Retention Policy for a single growing index

shrikantgulia · February 23, 2018, 9:30am

I have a Single index and its growing daily and as i cant use Curator for data retention as it cant delete data from index

How should i proceed

A help would be really appreciated

Regards
Shrikant

theuntergeek · February 26, 2018, 10:19pm

If you can, switch to using multiple indices behind an alias (hourly, daily, weekly...whatever works for your use case). This will allow you to reduce the need for delete_by_query, which is your only other recourse.

shrikantgulia · February 27, 2018, 5:22am

Hello
Thankyou for the reply

As I am Using elastic stack for the logs storage purpose, if we go by indices on daily basis than it will not be possible because i need the logs for minimum three years.

please guide me how to proceed

Regard
Shrikant

theuntergeek · February 27, 2018, 2:58pm

Why are you asking about the index growing daily if you need to keep data for 3 years? Do you only need to keep some of the data for 3 years? If so, then you need to put the data you want to keep for 3 years in one kind of index and data that can be deleted in another kind of index. You can make a retention policy that still uses daily, weekly, or monthly indices and keep what you want in separate indices for 3 years. You can refer to them by alias, allowing them to appear to be a single index, but have them be separate. Again: Aliases will make it possible to make multiple, disparate indices appear to be a single index, if that is what you require for queries. Your data does not all have to reside in a single, enormous index.

Additionally, you can't have a single enormous index do what you appear to be asking for anyway. S single shard should not exceed 50g (official recommendation from Elastic), so you'd best plan on having your indices rotate into new ones often enough to not exceed that number.

shrikantgulia · February 27, 2018, 5:39pm

Hello Aaron
Thankyou for the reply,

I want to use the Elasticsearch as for storage purpose only, But I want to know How should i proceed as i will be storing the data for around 140 servers(windows and linux) and i want to keep the queryable data for the last three years(index should have data for the last three years).

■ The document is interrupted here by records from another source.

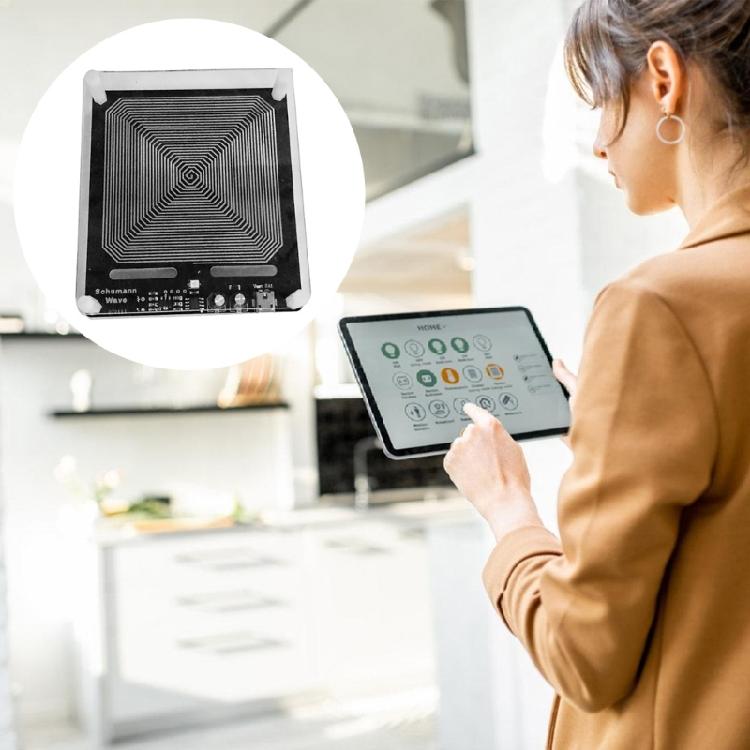 7.83hz Schumann Waves Generator with Housing & USB Cable Sleep Aid Signal Generator Ultra Low Frequency Pulse Generator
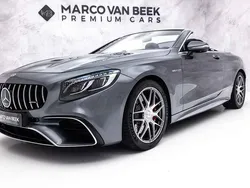 992 selenietgrijs metallic Gebruikt 2019 Mercedes S63 AMG Premium Plus Cabriolet | € 154.850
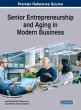 Senior Entrepreneurship and Aging in... - Bild 1
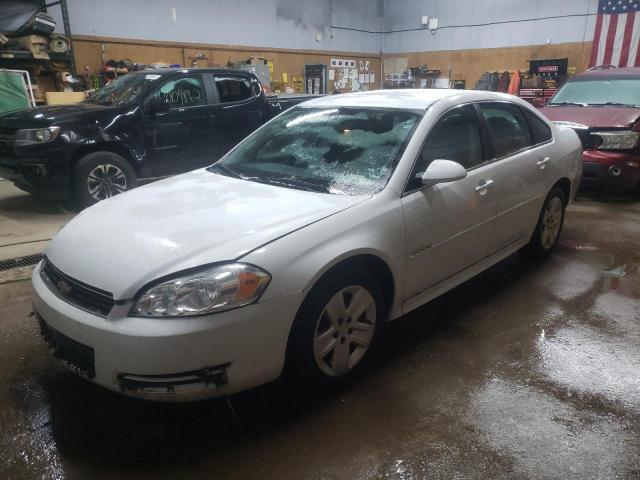 chevrolet impala ls 2011 2g1wa5ek3b1299773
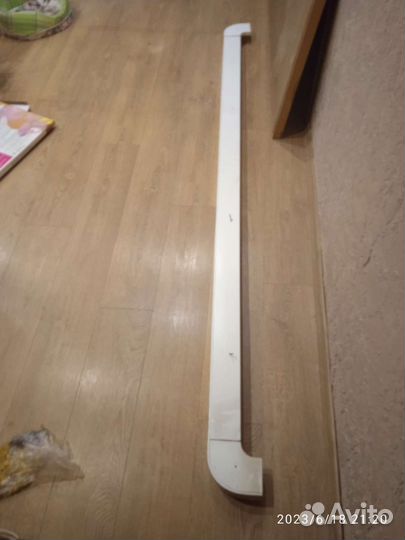 Карниз потолочный трëхрядный для штор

Please correct me If i am wrong

Regards
Shrikant

theuntergeek · February 27, 2018, 6:52pm

I'm really confused. First you want to know how to handle retention for a single large index because Curator can't delete data from an index. Now you explain that you are trying to keep data for 3 years. What you really have is a much broader question concerning index sizing, shard management, and cluster sizing if you want to keep data for 3 years. Instead of asking for the retention policy for a single growing index, you should be asking,

"How do I plan/architect a cluster to hold 3 years worth of log data?
"What are the things that might affect cluster performance?"
"Is this a good use case for Elasticsearch?"
"What is the maximum allowable delay before a query returns a value?"
- "Can I close indices and only re-open them if a query on very old data needs to happen?"
"Where can I find training and/or other educational materials to help me learn how best to do these things?"

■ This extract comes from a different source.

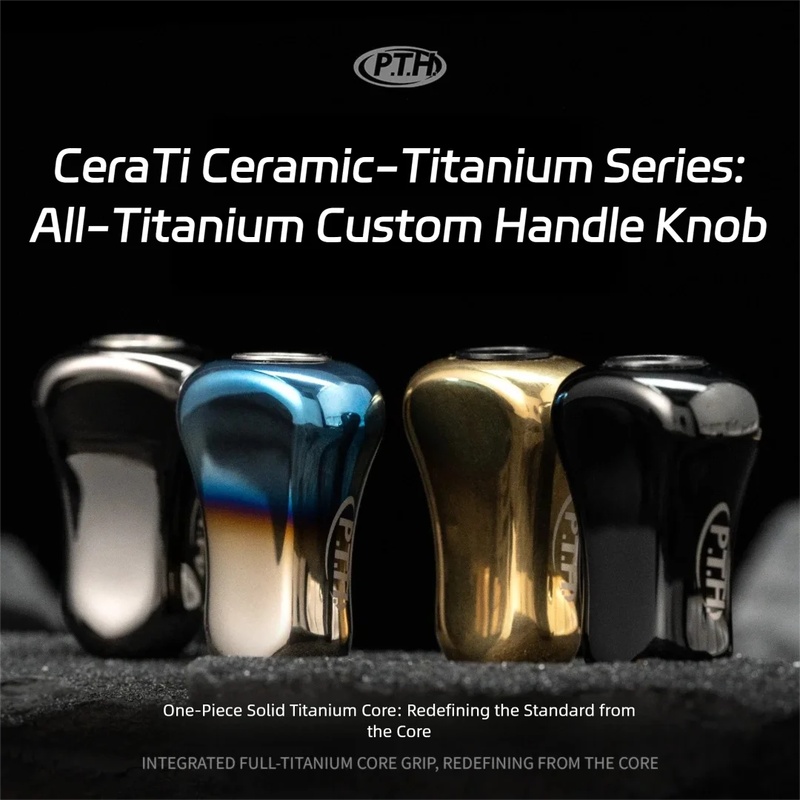 PTH TCT23 × Katana87 Rakitan G - Reel Handle ulasan dan harga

shrikantgulia · February 28, 2018, 5:25am

Hello Aaron,

Thankyou for correcting me,

Yes, I have many doubts as i am at the early stage of my learning. I have doubts Please guide me
> "How do I plan/architect a cluster to hold 3 years worth of log data?
(I will be getting around 1500 logs per 15 minutes per server and i have 140 servers)
> "What are the things that might affect cluster performance?"

Please guide
A help would be really appreciated

Regards
Shrikant

theuntergeek · March 1, 2018, 5:24am

By my calculations, that means approximately 20,160,000 log lines per day. That's only 233.34 per second, which is a relatively slow rate. You should be testing some of this data into a single node test cluster (like your laptop or local workstation), and see how much of your data an index with a single shard and no replicas can hold. You should apply a good index mapping for this data before beginning. You should see roughly how many docs it takes for that single shard to reach approximately 50g in size. This is your single-shard rollover point. You should be indexing into single-shard indices at that rate, and only rolling over (Rollover API) when you hit 50g shard sizes. This would theoretically allow you to put up to 30TB of data on a single node with a 31G heap. I'm guessing that's a lot of days worth of data. Simply add more nodes until you've reached your 3 year mark in terms of capacity. Start expiring old indices at this point.

system · March 29, 2018, 5:25am

This topic was automatically closed 28 days after the last reply. New replies are no longer allowed.